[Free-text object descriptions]
↓

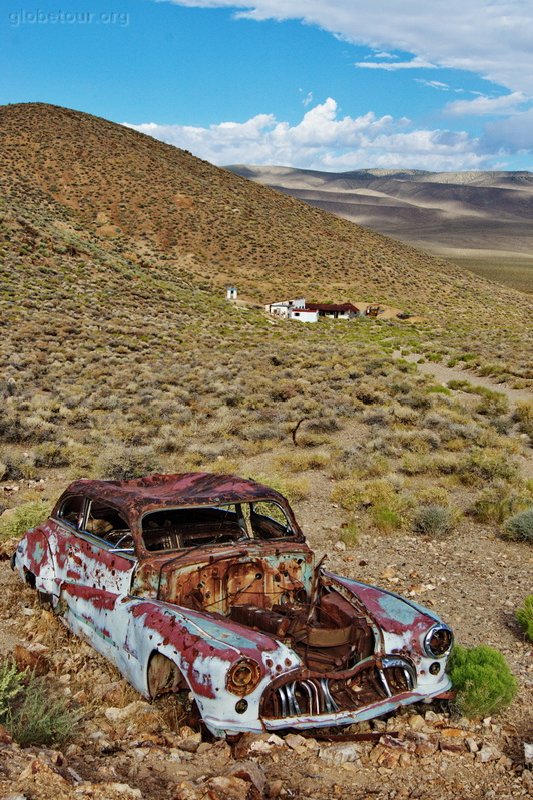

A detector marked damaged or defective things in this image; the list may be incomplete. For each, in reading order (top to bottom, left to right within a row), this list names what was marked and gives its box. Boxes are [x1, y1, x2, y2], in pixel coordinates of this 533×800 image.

corroded car body [12, 476, 450, 736]
rusted abandoned car [11, 476, 454, 736]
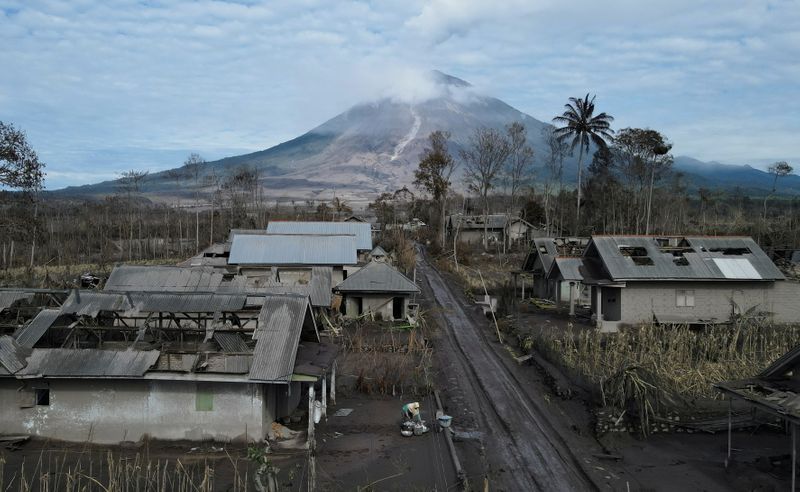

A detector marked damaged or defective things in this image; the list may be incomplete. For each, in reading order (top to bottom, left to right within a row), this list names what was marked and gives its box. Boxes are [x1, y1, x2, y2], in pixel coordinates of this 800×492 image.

rusted metal roof sheet [230, 234, 358, 266]
rusted metal roof sheet [266, 220, 372, 248]
rusted metal roof sheet [588, 236, 780, 282]
rusted metal roof sheet [104, 266, 225, 292]
rusted metal roof sheet [332, 264, 418, 294]
damaged house [580, 236, 800, 332]
rusted metal roof sheet [0, 292, 34, 312]
rusted metal roof sheet [0, 336, 31, 374]
rusted metal roof sheet [14, 310, 61, 348]
rusted metal roof sheet [17, 350, 161, 376]
damaged house [0, 290, 334, 444]
rusted metal roof sheet [212, 330, 250, 354]
rusted metal roof sheet [250, 294, 312, 382]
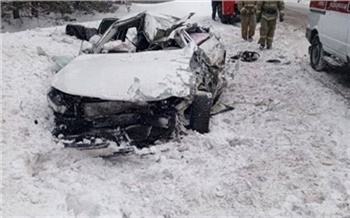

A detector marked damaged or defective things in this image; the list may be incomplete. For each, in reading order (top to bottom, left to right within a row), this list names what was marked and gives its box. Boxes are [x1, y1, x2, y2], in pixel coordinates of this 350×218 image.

severely damaged car [47, 11, 231, 152]
crumpled white vehicle [47, 11, 232, 152]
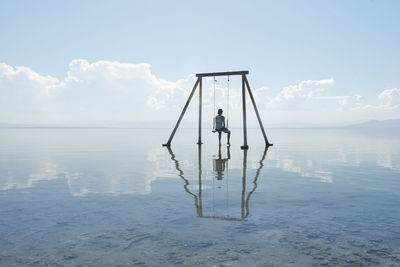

↑

When you reproduce the entries above, keep every word exact and leave the images out.

A detector marked damaged or defective things in this image; the list may be incomplete. For each, in reading order (top to bottom, left to right within a row), this list names what was marked and gives its box. Boxes are [x1, y1, x2, y2], in pixel coordinates of this 533×800 image.

corroded car body [12, 476, 450, 736]
rusted abandoned car [11, 476, 454, 736]

A detector marked damaged or defective things in this image; the list may be incomplete. For each, in reading order (top to bottom, left to right within a row), this list names what was marked and gives its box. Boxes are [x1, y1, x2, y2], in pixel coordinates of this 800×492 image.

rusted metal roof sheet [230, 234, 358, 266]
rusted metal roof sheet [266, 220, 372, 248]
rusted metal roof sheet [588, 236, 780, 282]
rusted metal roof sheet [104, 266, 225, 292]
rusted metal roof sheet [332, 264, 418, 294]
damaged house [580, 236, 800, 332]
rusted metal roof sheet [0, 292, 34, 312]
rusted metal roof sheet [0, 336, 31, 374]
rusted metal roof sheet [14, 310, 61, 348]
rusted metal roof sheet [17, 350, 161, 376]
damaged house [0, 290, 334, 444]
rusted metal roof sheet [212, 330, 250, 354]
rusted metal roof sheet [250, 294, 312, 382]

A detector marked damaged or defective things in this image; the list may be incomplete. For each, in reading order (top to bottom, left to right within a row), this list names what was marked and gives its box. Boxes are [x1, y1, x2, y2], in pixel coordinates of this 350×218 image.

severely damaged car [47, 11, 231, 152]
crumpled white vehicle [47, 11, 232, 152]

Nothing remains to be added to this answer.